Well, Im done! Going to the airport in a few hours. Ill write a final blog post when I get home. For now, I cant even begin to process everything. I cant believe its been two years, I cant believe I have to say goodbye to this country that has become my home, that I may never again see the family that has taken me in and accepted me as their daughter for the past two years. Coming home means giving up a language and an entire way of life. Im so relieved to be going home, but am also scared. My identity has been as a "Peace Corps Volunteer," for the past two years. This has been such an intense experience and has become a large part of who I am. Ive made so many amazing friends and have had wonderful experiences. Ive also dealt with the daily frustration of being a young woman in a male dominated muslim country. For now, all I can think about is the food I want to eat back in America. Beyond that...it's probably going to be really hard adjusting to life in the US. So, Im making plans, and will put them up here before ending the blog.

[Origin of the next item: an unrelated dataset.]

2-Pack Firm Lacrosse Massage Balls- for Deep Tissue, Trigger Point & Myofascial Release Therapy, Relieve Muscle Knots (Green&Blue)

To kick off my last evening here, one of my good friends and I went up to the roof of the office (5 stories high with a view of the ocean) and shot the cork off of a champagne bottle and cheers'ed to two of the most amazing years of our lives. Thank you, Senegal, for everything : )
While Ive been here, Senegal has seemed like an entire world away, and has been such an intense experience. I cant wrap my mind around the fact that once I get on that plane...in 8 hours Ill be right back in the house where I spent my middle school and high school years. It feels like two separate worlds are about to collide, and Im not sure if Im ready for that. Ive missed my family so much, though, and I just cant wait to see everyone's faces waiting for me at the airport in Detroit. I remember coming home from Switzerland after a year abroad my junior year, and feeling overwhelmed with happiness and sadness at the same time. I cant even begin to imagine what this homecoming is going to be like. I can easily picture myself crying with both happiness and sadness, perhaps kissing the ground, all while shoving a cinnabon in my face. Luckily, one of my favorite people in my group of volunteers is on the same flights with me to DC and then Detroit. Alhamdoulilahi.
See you on the flip side america. Jamm Soom.